Il commento Teniamoli in carcere e buttiamo via la chiave

Per ora tutto bene. I diciamo pure presunti terroristi provenienti da Guantanamo, i tunisini Riad Nasri e Adel Ben Mabrouk, sono rinchiusi in un carcere milanese, hanno parlato con l'avvocato e almeno uno di loro è stato interrogato dal giudice per l'istruzione preliminare. Tutto bene e tutto regolare. Sui due pendevano una sfilza di accuse emesse dalla giustizia italiana per reati aggravati dalla finalità di terrorismo e commessi in parte in casa nostra, che è quel che conta. Essendosela squagliata in tempo, i due erano considerati latitanti e a fermarli furono gli americani, in Afghanistan. Riad Nasri e Adel Ben Mabrouk devono dunque rispondere alla giustizia italiana: non sono ospiti, non sono in trasferta. Gli aspetta, qui, un processo.

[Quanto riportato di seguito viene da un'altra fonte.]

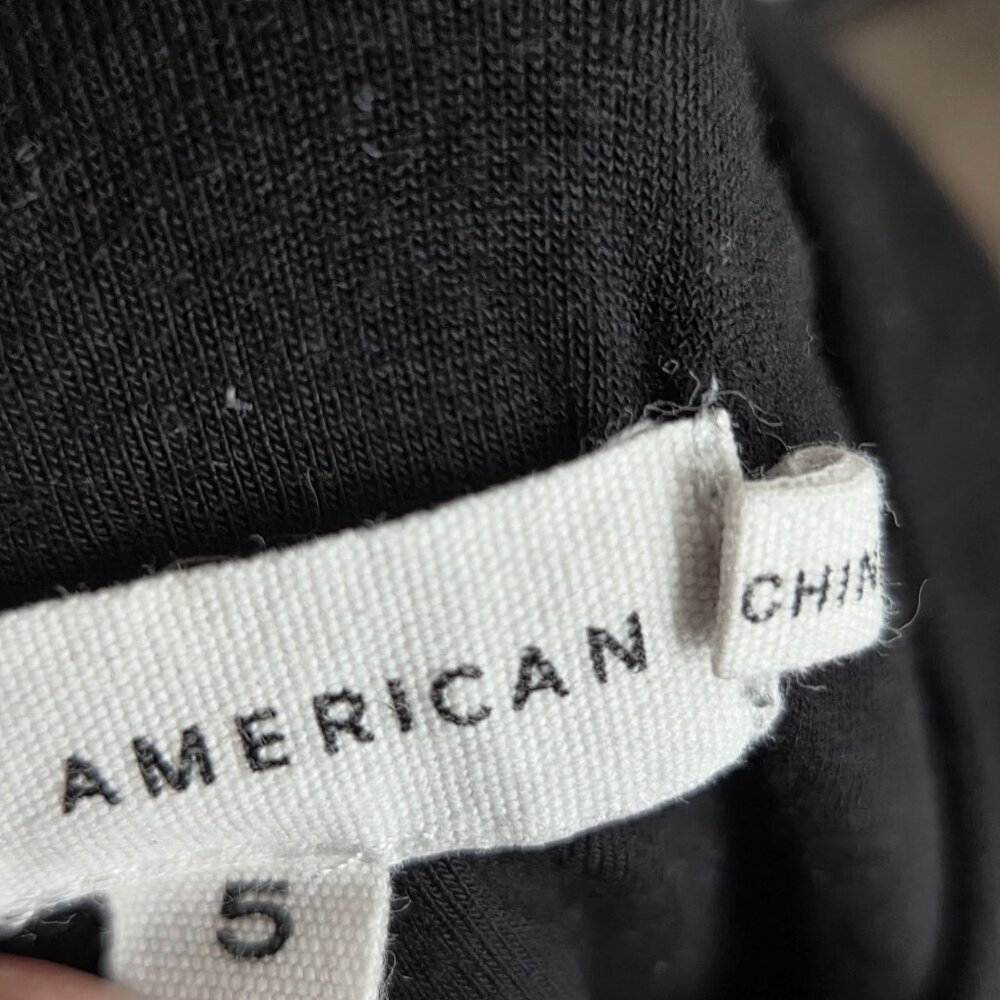 Good American Women's Weightless Mock Neck Bodysuit Sleeveless Black Size 5 / 2X - Picture 7 of 9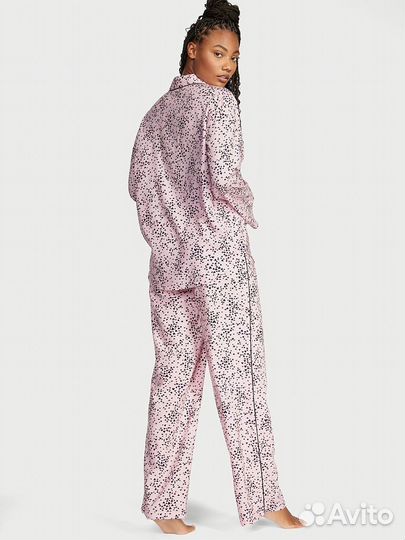 Пижама Victoria's Secret Flannel Long Pajama Set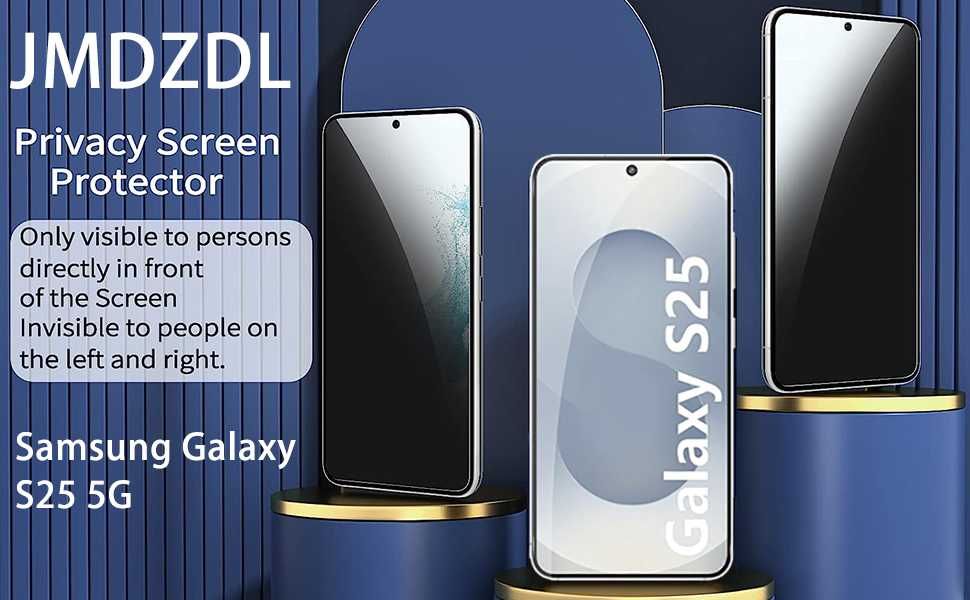 Protetor de ecrã anti-espião Samsung Galaxy S25 5G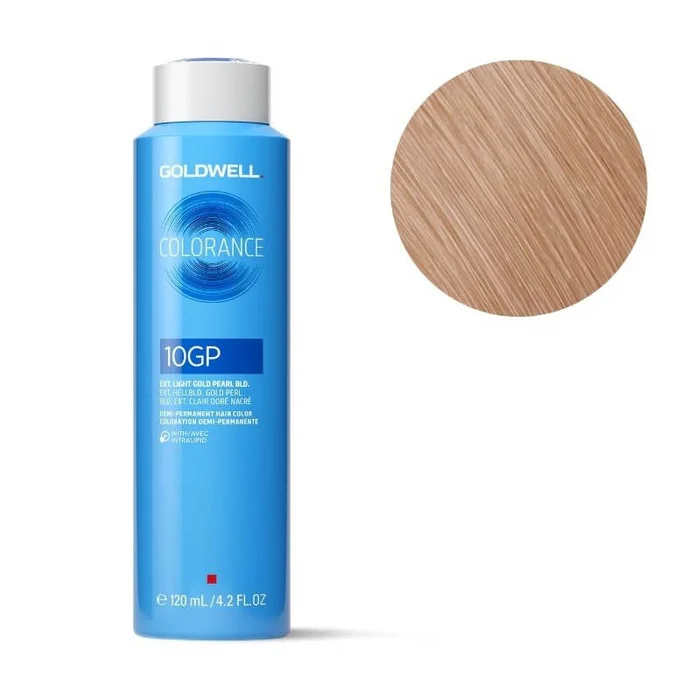 Coloración Colorance 10gp rubio extra claro dorado perlado Goldwell 120ml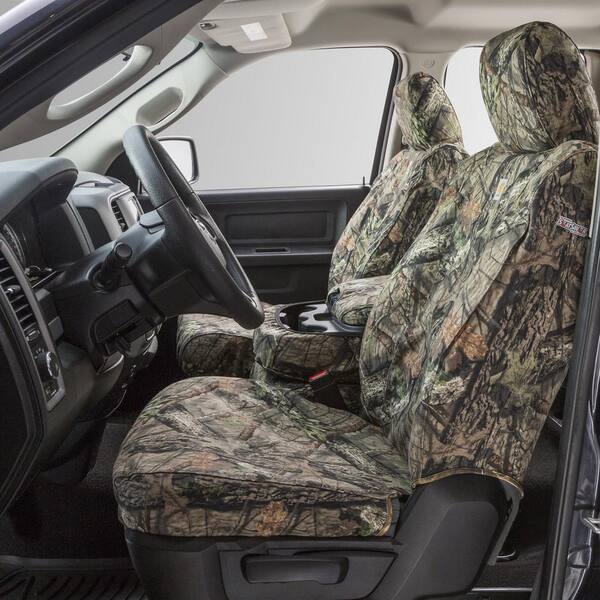 Covercraft Carhartt Seat Saver 2nd Row Custom Fit Cover Mossy Oak Break Up Country Fits Crew Cab 60 40 Split Bench Ssc8441camb - Carhartt Universal Bench Seat Cover Install
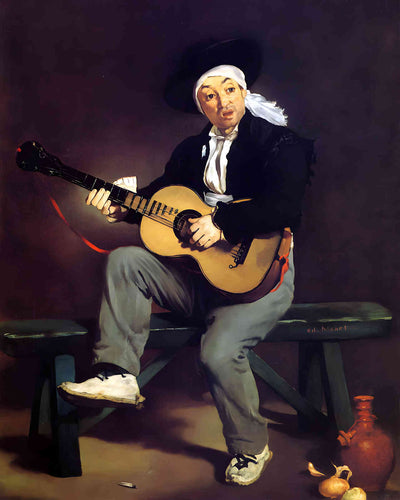 The Spanish Singer 1860 Painting by Edouard Manet 8x10" Art Print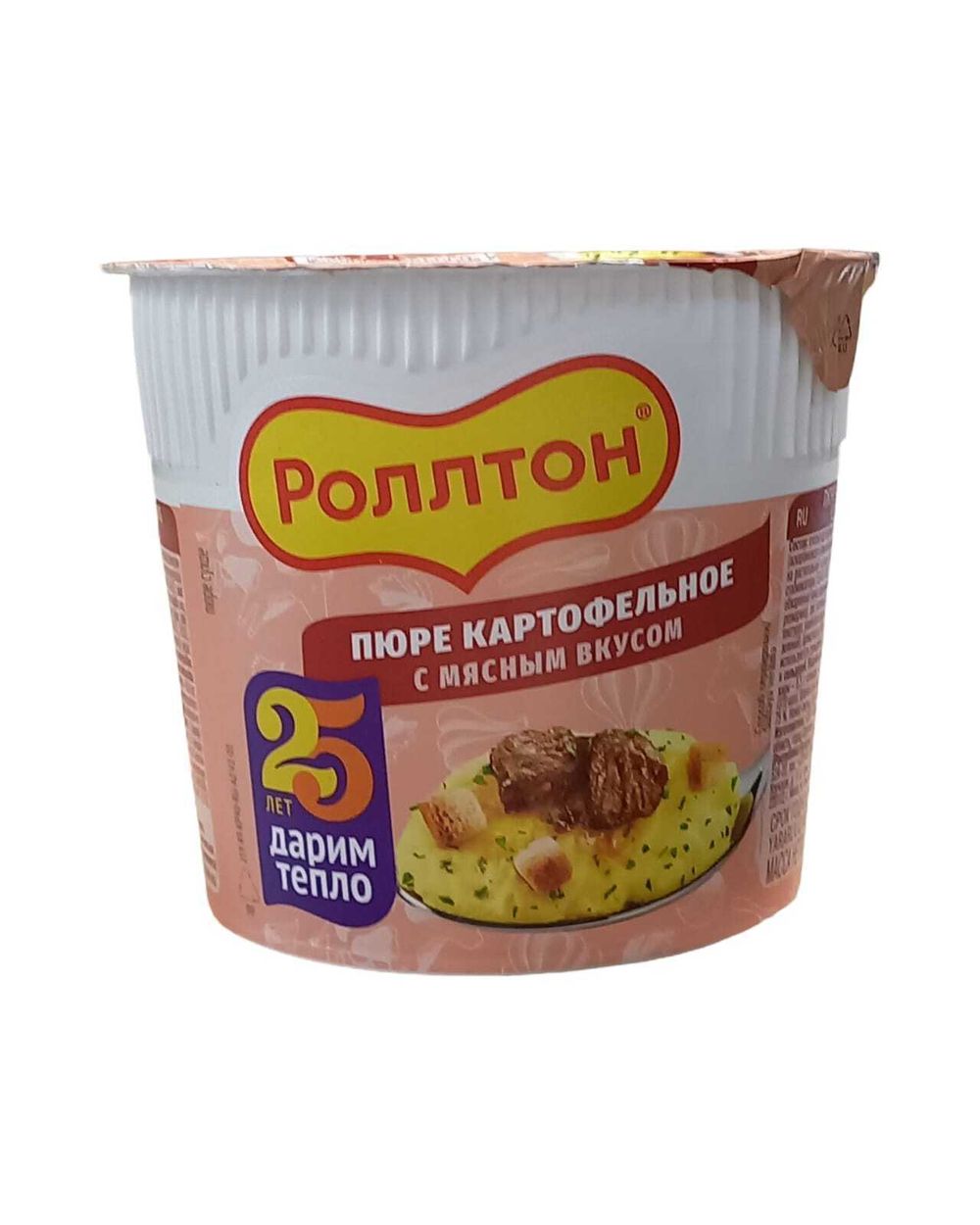 Пюре "Роллтон" с мясным вкусом 40г (стакан)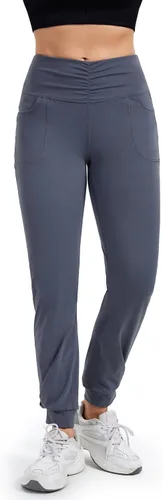 Vista 5 de Blaosn Pantalones deportivos fluidos para mujer con bolsillos, pantalones deportivos de yoga, entrenamiento, leggings casuales para descansar, ropa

La loro detenzione è un favore che il governo ha fatto all'amministrazione americana e, al tempo stesso, ai pacifisti, alle associazioni umanitarie e bel mondo liberal che tuona contro l'inumano regime carcerario di Guantanamo, dove da sette anni languiscono poveri diavoli colpevoli solo d'aver combattuto per un ideale. Un gulag che nel corso della campagna presidenziale Obama s'impegnò a chiudere un istante dopo aver varcato la soglia della Casa Bianca. E che è ancora lì, solo alleggerito dai due detenuti tunisini che ora, a sentire i cronisti che Guantanamo l'hanno vista coi loro occhi, stante le condizioni delle carceri italiane forse rimpiangeranno il sole a scacchi cubano. Sempre che, grazie a un classico colpo all'italiana, non tornino subito a piede libero (e i loro piedi sono veloci, lesti a raggiungere Paesi o regimi amici).
L'ideuzza della quale si va parlando può contare su qualche apprezzabile precedente - uno per tutti: il caso di Silvia Baraldini - e pare abbia non pochi sponsor sia nel Palazzo, sia nelle file della così detta società civile. Si tratterebbe di questo: mettere gli anni trascorsi da Riad Nasri e Adel Ben Mabrouk a Guantanamo in conto custodia cautelare (che per il nostro Codice può anche essere subita all'estero). Essendo ovviamente scaduti i termini, firmate due carte, ritirati gli effetti personali i due tunisini potrebbero dunque uscir di galera, liberi di tornare alle loro attività bombarole in attesa che l'autorità giudiziaria metta loro il sale sulla coda. Se mai accadesse un fatto del genere, se si finisse per non considerare la detenzione nella base militare di Guantanamo come «stato di guerra» e dunque non conteggiabile come detenzione preventiva, agli occhi del mondo l'immagine dell'Italia subirebbe un duro e forse definitivo colpo. Gli anglosassoni rispolvererebbero il verbo «to badogliate», che vale «badogliare», con riferimento a Badoglio e fino all'ultimo dei satrapi scalzacani d'Africa, gli uomini di governo dell'intero pianeta, un compiaciuto, sorridente Ahmadinejad compreso, ci metterebbero nella lista nera dei Paesi inaffidabili. Peggio: irresponsabili.

In un certo ambiente politico e intellettuale la tentazione del gesto clamoroso, scarcerare Riad Nasri e Adel Ben Mabrouk e dunque metaforicamente liberare la Bastiglia di Guantanamo è forte, su questo non ci piove. Assecondare le loro fregole sanculotte vorrebbe dire, per usare una parola poco elegante ma ricorrente di questi tempi, sputtanare per sempre l'Italia e gli italiani.